• Work request: A word-for-word transcription of the data below is required.

• Data excerpts:

§

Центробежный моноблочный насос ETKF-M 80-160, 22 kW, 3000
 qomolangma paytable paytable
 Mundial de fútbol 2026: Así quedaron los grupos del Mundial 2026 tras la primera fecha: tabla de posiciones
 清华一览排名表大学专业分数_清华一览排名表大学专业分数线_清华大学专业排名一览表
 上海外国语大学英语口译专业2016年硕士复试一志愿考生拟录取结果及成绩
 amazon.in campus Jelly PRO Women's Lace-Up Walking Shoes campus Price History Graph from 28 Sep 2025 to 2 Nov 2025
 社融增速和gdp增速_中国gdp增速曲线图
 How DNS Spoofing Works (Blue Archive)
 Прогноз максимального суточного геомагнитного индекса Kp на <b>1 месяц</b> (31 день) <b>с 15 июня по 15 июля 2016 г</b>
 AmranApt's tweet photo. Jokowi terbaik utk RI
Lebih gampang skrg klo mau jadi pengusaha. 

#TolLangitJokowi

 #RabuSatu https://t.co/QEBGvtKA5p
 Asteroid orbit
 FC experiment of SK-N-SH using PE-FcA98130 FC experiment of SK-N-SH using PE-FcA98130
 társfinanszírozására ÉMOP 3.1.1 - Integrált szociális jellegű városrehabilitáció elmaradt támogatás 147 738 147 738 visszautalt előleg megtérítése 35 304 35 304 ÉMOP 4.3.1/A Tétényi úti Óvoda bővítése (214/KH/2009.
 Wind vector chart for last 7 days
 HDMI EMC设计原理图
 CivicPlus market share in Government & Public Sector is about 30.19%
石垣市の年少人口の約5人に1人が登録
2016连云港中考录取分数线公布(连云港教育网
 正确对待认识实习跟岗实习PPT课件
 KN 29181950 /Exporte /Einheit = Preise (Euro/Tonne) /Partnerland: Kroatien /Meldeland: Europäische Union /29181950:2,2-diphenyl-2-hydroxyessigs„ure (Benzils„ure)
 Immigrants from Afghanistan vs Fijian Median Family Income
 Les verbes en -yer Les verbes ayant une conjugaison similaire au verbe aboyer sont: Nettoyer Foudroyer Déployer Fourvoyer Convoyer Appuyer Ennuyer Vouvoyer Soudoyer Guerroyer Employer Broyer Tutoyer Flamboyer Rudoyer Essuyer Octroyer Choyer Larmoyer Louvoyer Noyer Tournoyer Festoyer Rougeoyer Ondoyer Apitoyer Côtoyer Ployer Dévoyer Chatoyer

§

• Answer to this task:
Центробежный моноблочный насос ETKF-M 80-160, 22 kW, 3000
 qomolangma paytable paytable
 Mundial de fútbol 2026: Así quedaron los grupos del Mundial 2026 tras la primera fecha: tabla de posiciones
 清华一览排名表大学专业分数_清华一览排名表大学专业分数线_清华大学专业排名一览表
 上海外国语大学英语口译专业2016年硕士复试一志愿考生拟录取结果及成绩
 amazon.in campus Jelly PRO Women's Lace-Up Walking Shoes campus Price History Graph from 28 Sep 2025 to 2 Nov 2025
 社融增速和gdp增速_中国gdp增速曲线图
 How DNS Spoofing Works (Blue Archive)
 Прогноз максимального суточного геомагнитного индекса Kp на <b>1 месяц</b> (31 день) <b>с 15 июня по 15 июля 2016 г</b>
 AmranApt's tweet photo. Jokowi terbaik utk RI
Lebih gampang skrg klo mau jadi pengusaha. 

#TolLangitJokowi

 #RabuSatu https://t.co/QEBGvtKA5p
 Asteroid orbit
 FC experiment of SK-N-SH using PE-FcA98130 FC experiment of SK-N-SH using PE-FcA98130
 társfinanszírozására ÉMOP 3.1.1 - Integrált szociális jellegű városrehabilitáció elmaradt támogatás 147 738 147 738 visszautalt előleg megtérítése 35 304 35 304 ÉMOP 4.3.1/A Tétényi úti Óvoda bővítése (214/KH/2009.
 Wind vector chart for last 7 days
 HDMI EMC设计原理图
 CivicPlus market share in Government & Public Sector is about 30.19%
石垣市の年少人口の約5人に1人が登録
2016连云港中考录取分数线公布(连云港教育网
 正确对待认识实习跟岗实习PPT课件
 KN 29181950 /Exporte /Einheit = Preise (Euro/Tonne) /Partnerland: Kroatien /Meldeland: Europäische Union /29181950:2,2-diphenyl-2-hydroxyessigs„ure (Benzils„ure)
 Immigrants from Afghanistan vs Fijian Median Family Income
 Les verbes en -yer Les verbes ayant une conjugaison similaire au verbe aboyer sont: Nettoyer Foudroyer Déployer Fourvoyer Convoyer Appuyer Ennuyer Vouvoyer Soudoyer Guerroyer Employer Broyer Tutoyer Flamboyer Rudoyer Essuyer Octroyer Choyer Larmoyer Louvoyer Noyer Tournoyer Festoyer Rougeoyer Ondoyer Apitoyer Côtoyer Ployer Dévoyer Chatoyer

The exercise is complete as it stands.